* WHAT TO DO: Return the stretch from the line with "Worship in the" through the line with "St John Damascene: Tradition" in the data below, character for character, skipping all pictures.

* INFORMATION SHOWN:
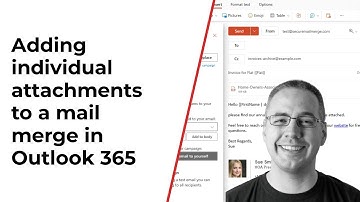 How to send individual attachments in an Outlook mail merge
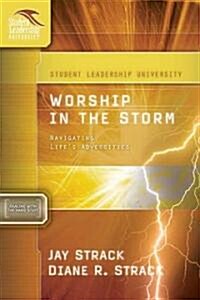 Worship in the Storm: Navigating Lifes Adversities (Paperback)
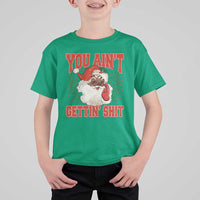 Funny African American Black Santa Christmas T Shirt For Kid You Aint Getting Shit Inappropriate Xmas - Wonder Print Shop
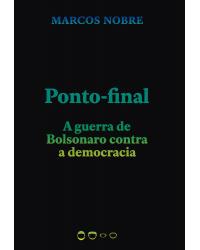 Ponto-final - a guerra de Bolsonaro contra a democracia - 1ª Edição | 2020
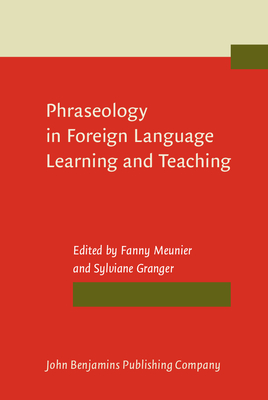 Phraseology in Foreign Language Learning and Teaching - Meunier, Fanny (Editor), and Granger, Sylviane, Professor (Editor)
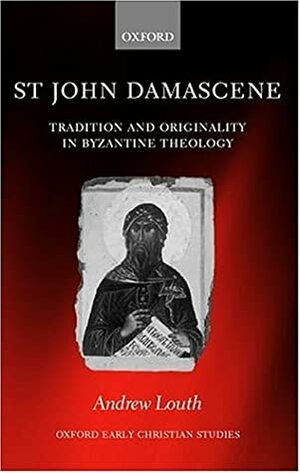 St John Damascene: Tradition And Originality In Byzantine Theology by Andrew Louth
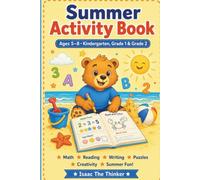 Summer Activity Book for Kids Ages 5-8: Math, Reading, Writing, Puzzles and Creativity | Keep Learning All Summer Long | Kindergarten, Grade 1 and Grade 2 (Kids Activity Book Series)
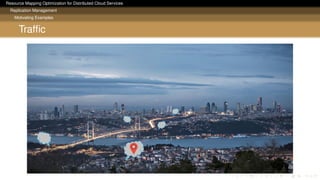 Resource Mapping Optimization for Distributed Cloud Services
Replication Management
Motivating Examples
Trafﬁc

* RESPONSE AREA:
 Worship in the Storm: Navigating Lifes Adversities (Paperback)
 Funny African American Black Santa Christmas T Shirt For Kid You Aint Getting Shit Inappropriate Xmas - Wonder Print Shop
 Ponto-final - a guerra de Bolsonaro contra a democracia - 1ª Edição | 2020
 Phraseology in Foreign Language Learning and Teaching - Meunier, Fanny (Editor), and Granger, Sylviane, Professor (Editor)
 St John Damascene: Tradition And Originality In Byzantine Theology by Andrew Louth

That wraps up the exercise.